Kasmita Widodo, Kepala BRWA, menunjukkan capaian pemetaan wilayah adat dan registrasi-verifikasi wilayah adat
Dalam 2 tahun terakhir, proyek TF telah mendukung BRWA dan AMAN dalam penyiapan 37 dokumen usulan hutan adat dengan luas 553.632 hektar. Yoga menyampaikan bahwa sebanyak 26 hutan adat seluas 120.893 hektar telah ditetapkan melalui SK Menteri LHK.
“Tahun 2024 ini terdapat 6 hutan adat baru yang ditetapkan yaitu di kabupaten Tapanuli Utara, seluas 15.879 hektar,” tambah Yoga.
Mendorong kebijakan terkait masyarakat adat dan penguatan komunitas
Rancangan Undang-Undang Masyarakat Adat masih menjadi fokus utama advokasi di tingkat nasional. Di samping itu, Working Group ICCAs Indonesia bersama lembaga anggota dan koalisi masyarakat sipil lainnya secara intensif selama 2 tahun terakhir melakukan intervensi terhadap RUU Konservasi Sumberdaya Alam Hayati dan Ekosistemnya. RUU ini dinilai dapat menjadi pintu masuk untuk mengakomodir Areal Konservasi Kelola Masyarakat dan hak-hak masyarakat atas ruang hidupnya di kawasan konservasi.

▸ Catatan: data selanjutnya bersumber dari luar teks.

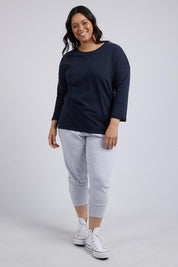 A model wearing the Fundamental Annie 3/4 Sleeve Tee in colour Navy (Blue), from the front, showing the whole outfit
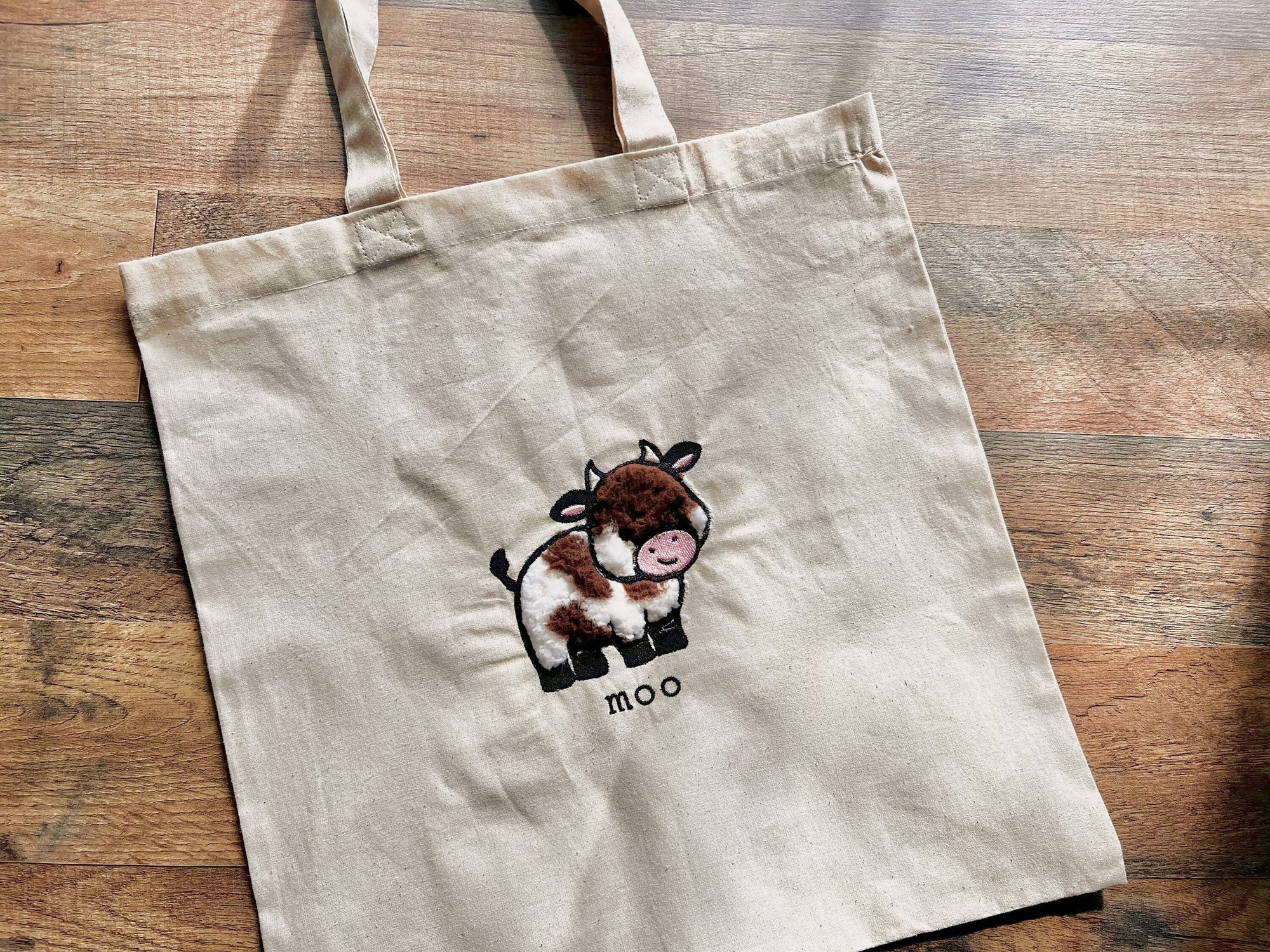 A beige canvas tote bag with an embroidered design of a cute cow and the word 'moo' beneath it.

Akan tetapi, rezim pemerintah hari ini masih menganut paradigma konservasi yang sentralistik dan tidak mengedepankan HAM sehingga pengawalan terhadap RUU ini menjadi penting.
“Rezim sekarang ini hanya kelanjutan dari yang sebelumnya, infrastruktur hukum sudah selesai di masa Jokowi. maka kita ketemu dengan satu kesimpulan sementara bahwa pengambilan wilayah adat akan semakin banyak ke depannya, maka pemetaan wilayah adat perlu diperluas karena peta wilayah adat menjadi basis klaim dan ini bisa menunjukkan visibilitas.” Kata Erasmus Cahyadi.
Ia menambahkan, “ke depan, kita akan coba dorong wilayah adat untuk didaftarkan ke Hak Atas Kekayaan Intelektual (HAKI) Komunal sehingga dapat diperkarakan secara hukum jika ada permasalahan.”
Muhammad Arman, Direktur Advokasi Kebijakan Hukum, dan HAM AMAN, juga menambahkan bahwa selain HAKI Komunal untuk wilayah adat, kearifan lokal dan pengetahuan tradisional juga perlu didorong melalui instrumen Peraturan Menteri LHK No. 34 Tahun 2017 tentang Pengakuan dan Perlindungan Kearifan Lokal.
Terakhir, Yoga menyampaikan capaian selama 2 tahun proyek TF untuk penguatan ekonomi dan peningkatan kapasitas masyarakat adat termasuk untuk perempuan dan pemuda adat. Ia memaparkan bahwa terdapat 20 kelompok pemuda untuk program Gerakan Pulang Kampung, 11 sekolah adat, asistensi perempuan adat di 5 komunitas melalui Engendering Participatory Mapping, dan inisiasi 6 kelompok Badan Usaha Milik Masyarakat Adat (BUMMA) di 7 komunitas dengan berbagai unit usaha seperti gula aren, madu, dan lain-lain.
“Setidaknya total ada 1200 orang yang mendapatkan peningkatan kapasitas melalui pelatihan.” ungkap Yoga.